Ihre Modellpalette halten sie im Stammwerk Rüsselsheim jedenfalls für wettbewerbsfähig, zumal in diesem Jahr noch wichtige Fahrzeuge auf den Markt kommen. Der Astra-Kombi soll an den Erfolg des größeren Insignias anknüpfen, während der neue Mini-Van Meriva mit cleverem Innenraum sowohl junge Familien als auch ältere Stammkunden ansprechen könnte. Reilly hat zudem weitere neue Modelle wie einen Lifestyle-Mini und ein Cabrio angekündigt. “Opel hat durchaus einen Vorsprung bei der Entwicklung und dem kostengünstigen Bau von Kleinwagen“ sagt Wolfgang Meinig, Leiter der Bamberger Forschungsstelle Automobilwirtschaft (FAW).
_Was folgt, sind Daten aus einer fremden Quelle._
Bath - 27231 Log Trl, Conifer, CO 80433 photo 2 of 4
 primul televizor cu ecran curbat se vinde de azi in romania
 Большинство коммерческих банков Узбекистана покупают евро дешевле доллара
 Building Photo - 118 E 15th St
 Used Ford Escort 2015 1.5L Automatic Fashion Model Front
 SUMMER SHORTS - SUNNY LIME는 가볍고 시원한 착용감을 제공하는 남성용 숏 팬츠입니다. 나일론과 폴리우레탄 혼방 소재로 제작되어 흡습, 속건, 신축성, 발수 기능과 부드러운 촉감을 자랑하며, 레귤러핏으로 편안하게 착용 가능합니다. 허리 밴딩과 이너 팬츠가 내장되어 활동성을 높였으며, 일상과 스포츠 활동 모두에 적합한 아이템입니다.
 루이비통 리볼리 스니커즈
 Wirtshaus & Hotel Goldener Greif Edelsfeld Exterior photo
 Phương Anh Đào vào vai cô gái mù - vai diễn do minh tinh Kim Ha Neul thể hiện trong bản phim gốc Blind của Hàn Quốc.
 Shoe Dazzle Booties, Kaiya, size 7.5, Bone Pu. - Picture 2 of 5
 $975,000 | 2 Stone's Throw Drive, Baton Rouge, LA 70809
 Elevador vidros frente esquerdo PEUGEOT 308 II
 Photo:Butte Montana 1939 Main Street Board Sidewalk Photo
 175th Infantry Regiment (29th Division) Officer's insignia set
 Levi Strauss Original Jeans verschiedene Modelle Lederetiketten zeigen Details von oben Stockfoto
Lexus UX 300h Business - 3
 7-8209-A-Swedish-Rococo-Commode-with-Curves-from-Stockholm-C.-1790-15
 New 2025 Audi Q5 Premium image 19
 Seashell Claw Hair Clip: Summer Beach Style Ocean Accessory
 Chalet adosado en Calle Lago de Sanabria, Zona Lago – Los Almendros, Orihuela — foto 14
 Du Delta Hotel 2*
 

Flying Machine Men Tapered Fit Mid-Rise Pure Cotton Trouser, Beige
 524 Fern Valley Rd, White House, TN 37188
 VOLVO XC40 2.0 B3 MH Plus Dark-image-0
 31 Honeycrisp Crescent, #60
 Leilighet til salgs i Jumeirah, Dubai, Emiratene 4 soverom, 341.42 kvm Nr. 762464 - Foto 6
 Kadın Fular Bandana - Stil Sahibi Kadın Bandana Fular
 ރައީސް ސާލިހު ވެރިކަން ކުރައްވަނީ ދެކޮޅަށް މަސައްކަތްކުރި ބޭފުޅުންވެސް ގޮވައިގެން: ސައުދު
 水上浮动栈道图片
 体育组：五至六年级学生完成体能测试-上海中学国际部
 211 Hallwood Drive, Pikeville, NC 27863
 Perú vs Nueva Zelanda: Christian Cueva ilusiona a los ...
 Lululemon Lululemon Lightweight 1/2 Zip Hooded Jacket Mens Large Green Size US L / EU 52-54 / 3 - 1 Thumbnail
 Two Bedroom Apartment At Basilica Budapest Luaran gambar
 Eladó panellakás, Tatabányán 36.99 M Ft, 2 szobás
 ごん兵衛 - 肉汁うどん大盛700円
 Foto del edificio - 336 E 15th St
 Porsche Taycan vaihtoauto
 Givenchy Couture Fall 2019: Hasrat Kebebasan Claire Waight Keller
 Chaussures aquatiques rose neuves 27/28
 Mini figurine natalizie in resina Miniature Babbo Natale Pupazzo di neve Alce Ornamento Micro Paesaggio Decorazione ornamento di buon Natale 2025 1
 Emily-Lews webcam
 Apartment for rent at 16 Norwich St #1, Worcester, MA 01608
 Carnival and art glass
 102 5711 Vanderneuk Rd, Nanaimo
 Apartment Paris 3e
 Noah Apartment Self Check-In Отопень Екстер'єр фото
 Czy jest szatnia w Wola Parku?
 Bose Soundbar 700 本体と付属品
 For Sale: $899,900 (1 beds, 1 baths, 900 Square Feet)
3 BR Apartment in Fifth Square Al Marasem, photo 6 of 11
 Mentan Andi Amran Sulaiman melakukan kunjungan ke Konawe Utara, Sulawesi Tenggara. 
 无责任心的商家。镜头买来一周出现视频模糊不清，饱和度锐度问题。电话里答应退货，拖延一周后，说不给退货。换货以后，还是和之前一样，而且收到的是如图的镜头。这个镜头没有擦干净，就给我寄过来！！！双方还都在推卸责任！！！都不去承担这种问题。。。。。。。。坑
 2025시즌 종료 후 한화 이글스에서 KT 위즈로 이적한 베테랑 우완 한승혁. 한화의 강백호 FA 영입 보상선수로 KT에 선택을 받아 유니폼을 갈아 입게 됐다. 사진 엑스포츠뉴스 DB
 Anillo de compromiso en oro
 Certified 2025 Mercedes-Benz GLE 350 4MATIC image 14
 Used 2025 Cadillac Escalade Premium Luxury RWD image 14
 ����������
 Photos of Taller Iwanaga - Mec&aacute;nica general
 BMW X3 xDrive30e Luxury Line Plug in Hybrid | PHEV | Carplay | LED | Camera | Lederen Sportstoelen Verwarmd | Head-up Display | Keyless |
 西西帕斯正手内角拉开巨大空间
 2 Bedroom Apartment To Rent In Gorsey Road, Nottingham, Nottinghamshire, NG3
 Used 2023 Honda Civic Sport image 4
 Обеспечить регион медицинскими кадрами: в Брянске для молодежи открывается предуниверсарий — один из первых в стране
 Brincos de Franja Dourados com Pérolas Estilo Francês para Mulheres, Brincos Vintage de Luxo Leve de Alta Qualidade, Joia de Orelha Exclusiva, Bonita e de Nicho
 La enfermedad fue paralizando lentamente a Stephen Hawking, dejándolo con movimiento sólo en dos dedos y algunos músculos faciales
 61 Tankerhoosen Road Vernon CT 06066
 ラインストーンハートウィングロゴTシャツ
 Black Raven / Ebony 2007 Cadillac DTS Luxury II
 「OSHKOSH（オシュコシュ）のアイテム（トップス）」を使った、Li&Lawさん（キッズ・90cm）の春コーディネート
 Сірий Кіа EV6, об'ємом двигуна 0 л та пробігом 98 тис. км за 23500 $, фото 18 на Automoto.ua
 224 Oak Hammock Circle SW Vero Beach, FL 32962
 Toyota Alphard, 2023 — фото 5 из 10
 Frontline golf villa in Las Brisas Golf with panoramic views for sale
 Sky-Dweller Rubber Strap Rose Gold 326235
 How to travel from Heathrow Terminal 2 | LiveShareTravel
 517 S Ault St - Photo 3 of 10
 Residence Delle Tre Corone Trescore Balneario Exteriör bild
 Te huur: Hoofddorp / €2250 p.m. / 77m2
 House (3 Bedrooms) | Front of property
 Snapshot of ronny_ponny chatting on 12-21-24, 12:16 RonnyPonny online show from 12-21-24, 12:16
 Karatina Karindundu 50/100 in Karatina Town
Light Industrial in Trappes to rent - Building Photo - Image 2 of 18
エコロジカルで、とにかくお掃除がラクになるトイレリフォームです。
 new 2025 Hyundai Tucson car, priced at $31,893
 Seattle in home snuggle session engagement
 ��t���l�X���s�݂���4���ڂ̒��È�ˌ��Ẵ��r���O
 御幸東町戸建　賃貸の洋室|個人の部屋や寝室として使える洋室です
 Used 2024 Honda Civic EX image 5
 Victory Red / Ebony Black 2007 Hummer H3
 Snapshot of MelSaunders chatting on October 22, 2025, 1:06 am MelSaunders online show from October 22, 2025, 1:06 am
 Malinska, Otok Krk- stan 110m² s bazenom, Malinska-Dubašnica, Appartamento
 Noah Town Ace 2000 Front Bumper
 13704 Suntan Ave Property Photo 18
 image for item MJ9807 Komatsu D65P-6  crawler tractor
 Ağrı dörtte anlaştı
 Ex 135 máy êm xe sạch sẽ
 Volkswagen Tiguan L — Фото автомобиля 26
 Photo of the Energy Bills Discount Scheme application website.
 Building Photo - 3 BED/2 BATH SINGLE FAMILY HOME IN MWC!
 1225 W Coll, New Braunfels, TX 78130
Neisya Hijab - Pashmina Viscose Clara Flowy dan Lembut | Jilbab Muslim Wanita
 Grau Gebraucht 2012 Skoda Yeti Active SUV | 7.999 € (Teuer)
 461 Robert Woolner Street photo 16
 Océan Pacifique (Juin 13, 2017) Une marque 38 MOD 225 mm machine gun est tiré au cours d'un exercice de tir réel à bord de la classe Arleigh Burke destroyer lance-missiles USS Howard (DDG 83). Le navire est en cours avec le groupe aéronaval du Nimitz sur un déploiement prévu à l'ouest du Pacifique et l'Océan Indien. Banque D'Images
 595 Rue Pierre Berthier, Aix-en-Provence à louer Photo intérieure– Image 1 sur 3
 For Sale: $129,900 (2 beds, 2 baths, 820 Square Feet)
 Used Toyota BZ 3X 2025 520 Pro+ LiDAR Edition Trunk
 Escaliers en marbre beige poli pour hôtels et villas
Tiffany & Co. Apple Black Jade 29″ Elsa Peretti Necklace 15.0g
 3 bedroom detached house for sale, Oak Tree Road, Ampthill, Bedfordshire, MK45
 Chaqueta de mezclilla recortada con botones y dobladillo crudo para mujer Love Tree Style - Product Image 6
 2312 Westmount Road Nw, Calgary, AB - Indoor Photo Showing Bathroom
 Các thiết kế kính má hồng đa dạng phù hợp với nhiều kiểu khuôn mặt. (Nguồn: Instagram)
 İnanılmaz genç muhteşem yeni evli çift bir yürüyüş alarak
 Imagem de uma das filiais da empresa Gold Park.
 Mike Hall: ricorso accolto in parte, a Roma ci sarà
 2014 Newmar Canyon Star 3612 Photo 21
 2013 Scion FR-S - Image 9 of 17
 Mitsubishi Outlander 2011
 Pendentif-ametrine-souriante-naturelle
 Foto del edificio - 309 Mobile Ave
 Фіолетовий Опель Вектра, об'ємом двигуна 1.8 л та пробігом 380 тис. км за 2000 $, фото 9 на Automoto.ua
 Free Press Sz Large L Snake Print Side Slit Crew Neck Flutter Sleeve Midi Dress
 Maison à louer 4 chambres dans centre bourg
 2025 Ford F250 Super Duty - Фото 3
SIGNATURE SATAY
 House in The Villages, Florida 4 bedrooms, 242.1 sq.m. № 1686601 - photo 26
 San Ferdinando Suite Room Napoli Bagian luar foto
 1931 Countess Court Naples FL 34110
Vertrauensverlust ist das Problem

Das eigentliche Problem sei der Vertrauensverlust der Verbraucher, der mit der Ersparnis durch die nun abgesagten Staatsbürgschaften nie hätte aufgewogen werden können. Dies habe Reilly endlich erkannt und konzentriere sich nun auf Produktentwicklung und Effizienzsteigerung. “Opel muss jetzt hart arbeiten und Ruhe bewahren“, meint Meinig. Ein Pluspunkt seien die “tapferen“ Händler, die Opel die Treue hielten.

Der Auto-Professor Markus Voeth aus Hohenheim bei Stuttgart verwendet Opel als Paradebeispiel, wenn er seinen Studenten die Zerstörung einer Marke erklärt. Das Ende des Polit-Hick-Hack könne Opel nur nutzen. Das Unternehmen sei aber noch weit von seinem Ziel entfernt, beim Publikum als “grüner Volumenhersteller“ zu gelten, lautet seine Bestandsaufnahme.

Elektro-Autos Marke Opel

Weit vorn unter den deutschen Herstellern ist Opel im Verbund mit dem Mutterkonzern General Motors immerhin in Sachen Elektroauto. Der in Rüsselsheim entwickelte, aber zunächst nur in Detroit gebaute Opel Ampera kommt in Europa im kommenden Jahr in die Verkaufsräume, in den USA als Chevrolet Volt schon 2010. Im Unterschied zu anderen E- Konzepten ist der Elektro/Benzin-Hybrid durchaus alltagstauglich und legt kurze Strecken ausschließlich mit Strom zurück. Größere Verkaufszahlen erwartet aber nicht einmal Opel selbst.